My background is as an academic materials scientist with an interest in non-equilibrium processing and structural characterisation using various diffraction and thermal techniques. My last full time academic post was as head of the Faculty of Engineering, Imperial College London.
Prior to that I was chief executive of the UK Central Laboratories based at the Rutherford-Appleton Laboratory in Oxfordshire where I first became aware of the impact of data and data sharing in the early 200s. I was the lead Research Council spokesman on Open Access and appeared before UK and European Parliamentary bodies and publishers’ organisations to defend Open Access. At the same time I became chair of the European Strategy Forum for Research Infrastructures and suggested and produced the first European Roadmap. During this time I became chair of the Support for Research Committee of the Joint Information Services Committee of the UK which supported the Data Curation Centre and a number of institutional repositories in Universities. As chief executive I had responsibility for the UK interest in a number of global projects including in the US, Japan, India and China.
The European Commission asked me to chair two important high level boards towards the end of 2000s. The first, the European Research Area Board produced a large number of recommendations that have been subsequently been incorporated into Horizon 2020 especially those relating to embedding e-science globally. The second produced the “Riding the Wave” report that ultimately led to the creation of the Research Data Alliance of which I am the global co-chair. I was also responsible for the follow up report “The Data Harvest.” As co-chair of the RDA I have had extensive discussions with the president of CODATA and the executive director on how we can support each other. I have a personal interest in the joint RDA-CODATA activity on “Data for development.” I will have served my turn as co-chair next spring and I wish to devote more time to the area of data for delivery of the SDGs in the future.
My current role is as Secretary-General of the Association of Commonwealth Universities which is a group of over 500 universities across the world with the majority being in developing countries. In this role I have become familiar with many of the issues facing developing countries and have given extensive talks on the need for Open Science and in these countries. I was asked by the South African Government to chair their Research Roadmap Report three years ago where we did extensive analysis of the needs of both South African and the rest of Southern Africa with respect to data sharing.
I currently chair the Advisory Board of ATTRACT which brings together several European Laboratories (EIROFORUM) together to exploit Open Science for Open Innovation focusing on sensors, instrumentation and data. Many of the projects supported to data are linked with societal challenges.
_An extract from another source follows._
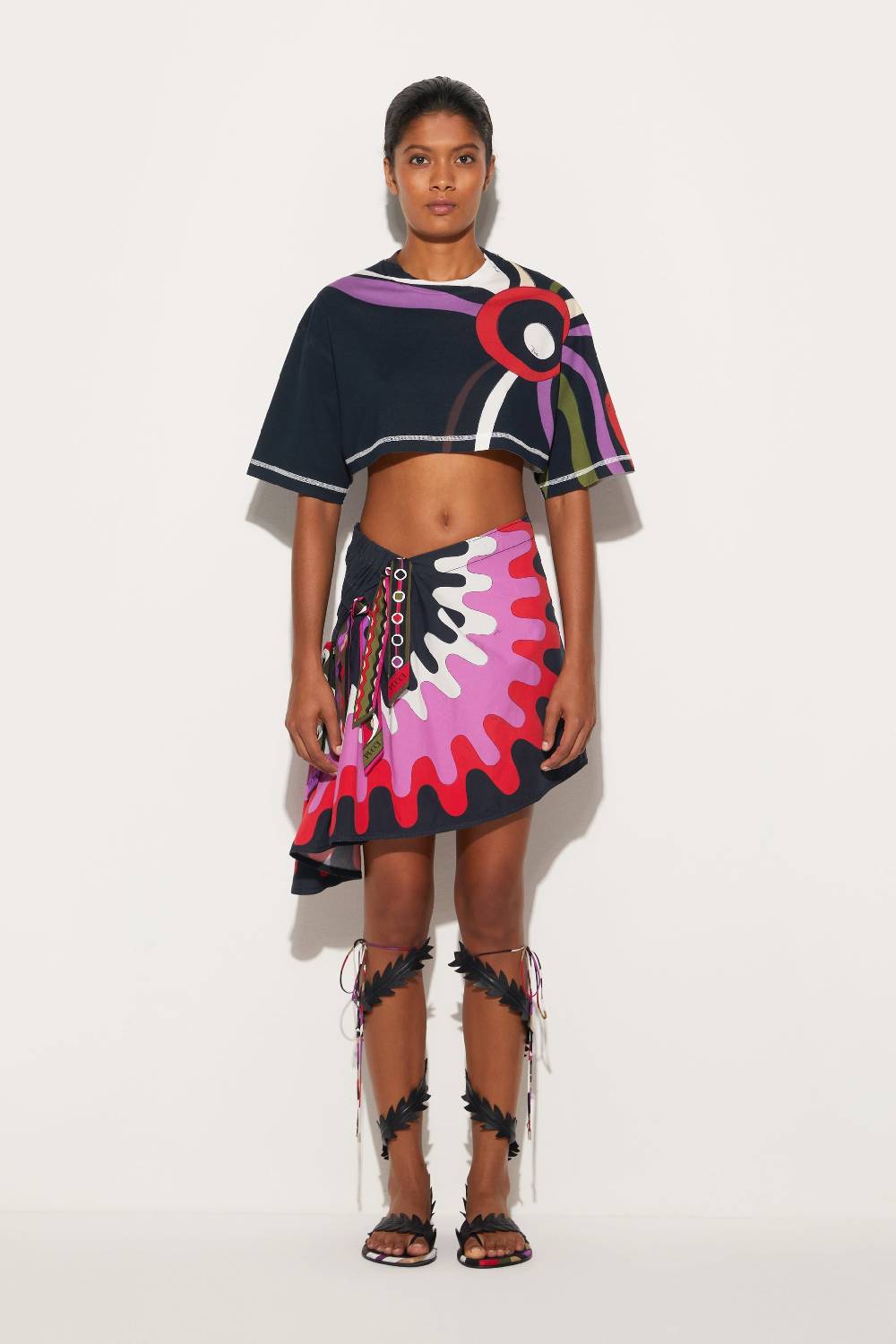 Pucci T-shirt cropped con stampa Marmo Saldi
I am a committed internationalist having worked and visited with colleagues in every continent (except Antarctica). I am regularly asked by governments and research funding agencies in other countries to participate in review panels so I have a wide view of the context of how decisions are made globally. Perhaps to emphasise the point I also have honorary doctorates from Universities in Romania, India, Ghana and Nigeria in addition to a federal award from the German government. I believe it would be good to use much of this experience to support the work of CODATA.